- _Records supplied_:
★ ★ ★ ★ ★ ★ ★

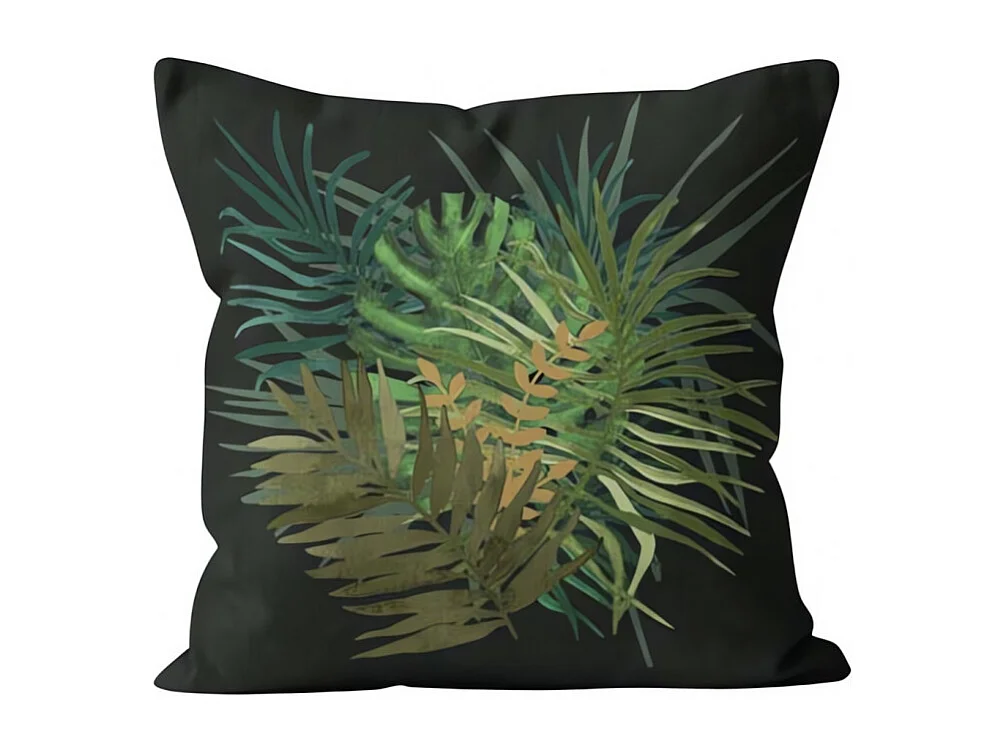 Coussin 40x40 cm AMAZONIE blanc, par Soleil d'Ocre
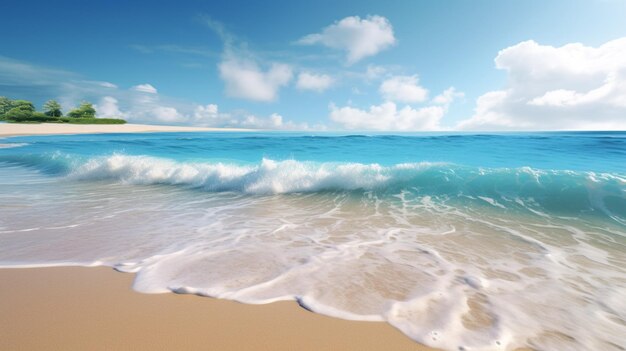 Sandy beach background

★ ★ ★ ★ ★ ★ ★

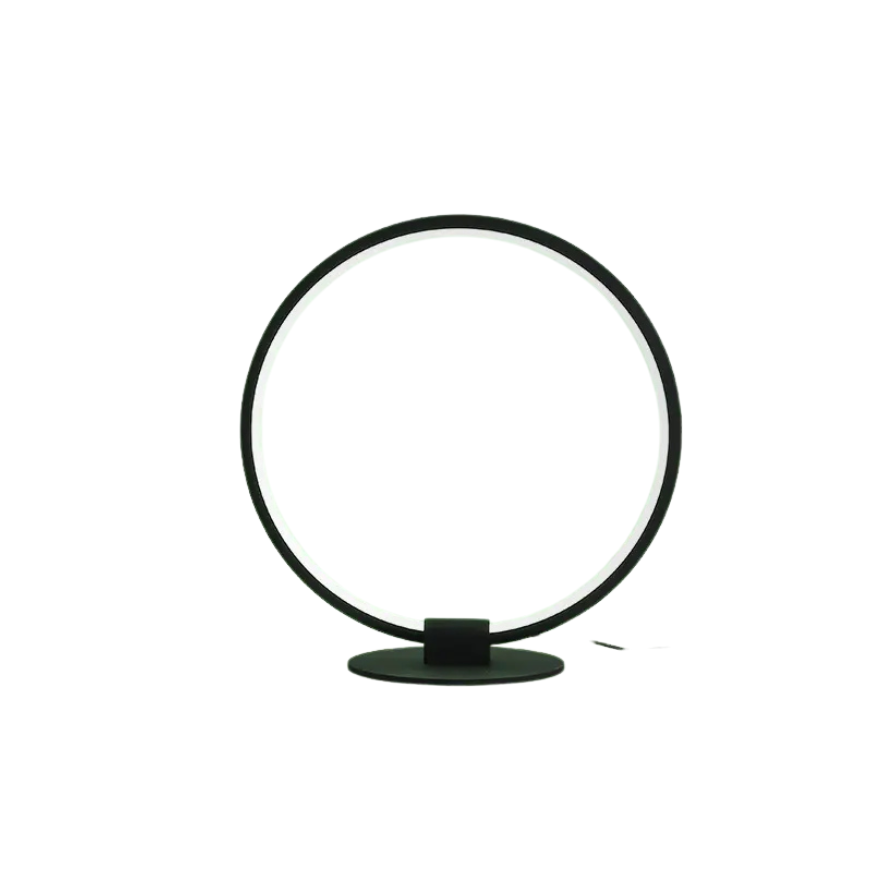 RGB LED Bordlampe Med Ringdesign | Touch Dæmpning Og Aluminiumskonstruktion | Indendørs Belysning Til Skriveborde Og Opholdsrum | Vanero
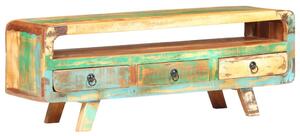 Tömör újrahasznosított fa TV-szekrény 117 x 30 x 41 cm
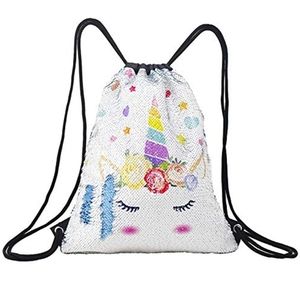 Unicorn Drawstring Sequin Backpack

★ ★ ★ ★ ★ ★ ★

- _Activity_:
Everything from the line above that contains "Coussin 40x40 cm" down to the line that contains "Sandy beach background" must be reproduced exactly, both ends included. Omit the pictures.

- _Result below_:
 Coussin 40x40 cm AMAZONIE blanc, par Soleil d'Ocre
 Sandy beach background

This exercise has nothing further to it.